Sin la mención a la plaza de las Tres Culturas, uno pensaría que Pipitone —versado en asuntos internacionales— habla de 1968 en cualquier otro país que durante ese año experimentó movilizaciones. Pero sí, habla de México. Parece que el tema no es su fuerte, que no ha revisado cuidadosamente la historia de los sucesos y la importancia que tuvo, para su inicio y la impresión de carácter popular al movimiento, el hecho de que fueran estudiantes menores de edad, del politécnico y otras escuelas, los primeros en enfrentar a pedradas y madrazos la represión violenta de la policía del Distrito Federal. Más allá de su desconocimiento o lapsus, no creo que Pipitone hable de mala fe, a diferencia de otros que han comparado al gobierno actual con el de Gustavo Díaz Ordaz —Sergio Aguayo, por ejemplo. Lo que dice Pipitone puede entenderse mediante un proceso que se ha registrado frecuentemente en la sociología (y ciencia política) de los movimientos sociales.

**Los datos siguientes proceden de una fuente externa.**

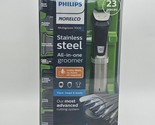 Philips Norelco Multigroomer All-in-1 Trimmer Series 7000, 23 Piece - $39.19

Hay una cierta especie de ceguera de taller que se agudiza con el deslumbramiento de novato cuando uno participa en un movimiento y no suele hacerlo frecuentemente. En el impresionante primer contacto con la acción colectiva, tendemos a pensar que lo que se juega en cada paso es muy grande, importante para el país y su historia contemporánea, relevante para la política nacional. Ya sea en la política universitaria o en los colectivos insurreccionales, en cualquier espacio, la emoción de ver a algunos cientos de compañeros generando conversación pública, concitando atención mediática, construyendo afectivamente la comunidad, siempre hace pensar que estamos a las puertas de la construcción de Historia (con mayúscula) y que, por ello, representamos un riesgo para el poder. Así se conforman y movilizan identidades colectivas en un primer momento asimilable al enamoramiento (el amor, dice Alberoni, es un movimiento social de dos). Es normal y debe verse incluso con ternura. El poder, por su parte, bien puede dejar a los movimientos en ese embelesamiento con un palmo de narices y un wei ni te topo, como suele suceder a los universitarios (me refiero a los de la UNAM, naturalmente) cada vez que se impone a un directivo repudiado en alguna entidad. No sucede así en este caso porque el poder está enfrentando a otro poder, burocrático y mediático, una élite que asumió que el cambio de gobierno democráticamente electo no afectaría la organización de un aparato administrativo que han patrimonializado. Los defensores del Estado de derecho del CIDE piden ahora privilegio en el feudo (una autonomía inexistente, legitimidad por encima de la legalidad). Los promotores de la simplificación administrativa piden ahora que los nombramientos legales se validen democráticamente —y, si se puede, que no corran a los amigos. Despertar estudiantil. Chispa que incendia la pradera. Causa que cuesta la vida. En efecto, igualito que en 1968.